- Task brief
Restate the following entries exactly, including every line.

- Recorded information
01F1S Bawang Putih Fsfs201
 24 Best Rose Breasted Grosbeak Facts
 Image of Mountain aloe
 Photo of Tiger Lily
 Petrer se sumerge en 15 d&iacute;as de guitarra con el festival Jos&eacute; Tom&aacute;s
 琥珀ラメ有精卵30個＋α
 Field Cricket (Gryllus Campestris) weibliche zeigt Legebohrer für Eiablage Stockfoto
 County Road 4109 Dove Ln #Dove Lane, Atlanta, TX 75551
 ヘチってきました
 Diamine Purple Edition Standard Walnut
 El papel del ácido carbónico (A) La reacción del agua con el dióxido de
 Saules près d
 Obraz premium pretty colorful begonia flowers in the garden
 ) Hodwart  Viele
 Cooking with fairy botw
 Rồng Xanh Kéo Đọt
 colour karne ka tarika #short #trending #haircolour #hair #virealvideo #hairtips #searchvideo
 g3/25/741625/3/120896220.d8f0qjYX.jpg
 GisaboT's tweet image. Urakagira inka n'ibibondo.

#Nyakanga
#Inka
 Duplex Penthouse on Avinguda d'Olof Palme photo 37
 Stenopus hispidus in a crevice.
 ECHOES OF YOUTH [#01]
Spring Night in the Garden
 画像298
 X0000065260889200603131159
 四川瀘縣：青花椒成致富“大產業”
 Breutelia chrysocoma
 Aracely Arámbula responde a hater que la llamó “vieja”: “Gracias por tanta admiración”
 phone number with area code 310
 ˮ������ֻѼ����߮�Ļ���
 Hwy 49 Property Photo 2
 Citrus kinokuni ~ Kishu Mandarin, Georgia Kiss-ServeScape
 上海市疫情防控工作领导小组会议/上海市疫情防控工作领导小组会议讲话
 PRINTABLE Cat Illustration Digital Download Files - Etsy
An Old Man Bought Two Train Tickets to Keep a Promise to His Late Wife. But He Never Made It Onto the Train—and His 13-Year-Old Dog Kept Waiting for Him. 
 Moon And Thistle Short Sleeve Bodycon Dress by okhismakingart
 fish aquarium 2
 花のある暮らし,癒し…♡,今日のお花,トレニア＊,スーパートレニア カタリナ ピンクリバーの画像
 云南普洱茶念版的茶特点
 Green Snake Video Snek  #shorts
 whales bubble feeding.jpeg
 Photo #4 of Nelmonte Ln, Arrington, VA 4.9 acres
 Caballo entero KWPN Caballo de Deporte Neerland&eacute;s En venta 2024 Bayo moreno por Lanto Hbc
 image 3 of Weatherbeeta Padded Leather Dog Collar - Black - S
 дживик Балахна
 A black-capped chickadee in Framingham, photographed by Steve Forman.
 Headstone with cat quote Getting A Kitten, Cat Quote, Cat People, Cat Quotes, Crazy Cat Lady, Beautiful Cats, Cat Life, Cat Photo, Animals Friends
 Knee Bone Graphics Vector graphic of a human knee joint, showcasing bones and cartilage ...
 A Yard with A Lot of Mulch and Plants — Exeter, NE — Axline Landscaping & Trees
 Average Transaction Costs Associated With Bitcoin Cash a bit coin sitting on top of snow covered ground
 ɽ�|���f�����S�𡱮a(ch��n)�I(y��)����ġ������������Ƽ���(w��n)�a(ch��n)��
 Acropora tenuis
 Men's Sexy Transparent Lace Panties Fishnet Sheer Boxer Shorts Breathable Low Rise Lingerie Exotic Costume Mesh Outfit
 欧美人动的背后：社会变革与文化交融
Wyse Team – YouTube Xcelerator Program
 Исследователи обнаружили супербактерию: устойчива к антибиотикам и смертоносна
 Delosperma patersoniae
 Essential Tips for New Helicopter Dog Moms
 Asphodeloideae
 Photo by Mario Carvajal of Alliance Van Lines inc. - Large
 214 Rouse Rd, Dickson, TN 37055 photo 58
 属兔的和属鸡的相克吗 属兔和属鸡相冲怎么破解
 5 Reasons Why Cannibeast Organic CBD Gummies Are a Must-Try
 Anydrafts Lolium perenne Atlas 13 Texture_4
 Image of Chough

- Solution to the exercise
01F1S Bawang Putih Fsfs201
 24 Best Rose Breasted Grosbeak Facts
 Image of Mountain aloe
 Photo of Tiger Lily
 Petrer se sumerge en 15 d&iacute;as de guitarra con el festival Jos&eacute; Tom&aacute;s
 琥珀ラメ有精卵30個＋α
 Field Cricket (Gryllus Campestris) weibliche zeigt Legebohrer für Eiablage Stockfoto
 County Road 4109 Dove Ln #Dove Lane, Atlanta, TX 75551
 ヘチってきました
 Diamine Purple Edition Standard Walnut
 El papel del ácido carbónico (A) La reacción del agua con el dióxido de
 Saules près d
 Obraz premium pretty colorful begonia flowers in the garden
 ) Hodwart  Viele
 Cooking with fairy botw
 Rồng Xanh Kéo Đọt
 colour karne ka tarika #short #trending #haircolour #hair #virealvideo #hairtips #searchvideo
 g3/25/741625/3/120896220.d8f0qjYX.jpg
 GisaboT's tweet image. Urakagira inka n'ibibondo.

#Nyakanga
#Inka
 Duplex Penthouse on Avinguda d'Olof Palme photo 37
 Stenopus hispidus in a crevice.
 ECHOES OF YOUTH [#01]
Spring Night in the Garden
 画像298
 X0000065260889200603131159
 四川瀘縣：青花椒成致富“大產業”
 Breutelia chrysocoma
 Aracely Arámbula responde a hater que la llamó “vieja”: “Gracias por tanta admiración”
 phone number with area code 310
 ˮ������ֻѼ����߮�Ļ���
 Hwy 49 Property Photo 2
 Citrus kinokuni ~ Kishu Mandarin, Georgia Kiss-ServeScape
 上海市疫情防控工作领导小组会议/上海市疫情防控工作领导小组会议讲话
 PRINTABLE Cat Illustration Digital Download Files - Etsy
An Old Man Bought Two Train Tickets to Keep a Promise to His Late Wife. But He Never Made It Onto the Train—and His 13-Year-Old Dog Kept Waiting for Him. 
 Moon And Thistle Short Sleeve Bodycon Dress by okhismakingart
 fish aquarium 2
 花のある暮らし,癒し…♡,今日のお花,トレニア＊,スーパートレニア カタリナ ピンクリバーの画像
 云南普洱茶念版的茶特点
 Green Snake Video Snek  #shorts
 whales bubble feeding.jpeg
 Photo #4 of Nelmonte Ln, Arrington, VA 4.9 acres
 Caballo entero KWPN Caballo de Deporte Neerland&eacute;s En venta 2024 Bayo moreno por Lanto Hbc
 image 3 of Weatherbeeta Padded Leather Dog Collar - Black - S
 дживик Балахна
 A black-capped chickadee in Framingham, photographed by Steve Forman.
 Headstone with cat quote Getting A Kitten, Cat Quote, Cat People, Cat Quotes, Crazy Cat Lady, Beautiful Cats, Cat Life, Cat Photo, Animals Friends
 Knee Bone Graphics Vector graphic of a human knee joint, showcasing bones and cartilage ...
 A Yard with A Lot of Mulch and Plants — Exeter, NE — Axline Landscaping & Trees
 Average Transaction Costs Associated With Bitcoin Cash a bit coin sitting on top of snow covered ground
 ɽ�|���f�����S�𡱮a(ch��n)�I(y��)����ġ������������Ƽ���(w��n)�a(ch��n)��
 Acropora tenuis
 Men's Sexy Transparent Lace Panties Fishnet Sheer Boxer Shorts Breathable Low Rise Lingerie Exotic Costume Mesh Outfit
 欧美人动的背后：社会变革与文化交融
Wyse Team – YouTube Xcelerator Program
 Исследователи обнаружили супербактерию: устойчива к антибиотикам и смертоносна
 Delosperma patersoniae
 Essential Tips for New Helicopter Dog Moms
 Asphodeloideae
 Photo by Mario Carvajal of Alliance Van Lines inc. - Large
 214 Rouse Rd, Dickson, TN 37055 photo 58
 属兔的和属鸡的相克吗 属兔和属鸡相冲怎么破解
 5 Reasons Why Cannibeast Organic CBD Gummies Are a Must-Try
 Anydrafts Lolium perenne Atlas 13 Texture_4
 Image of Chough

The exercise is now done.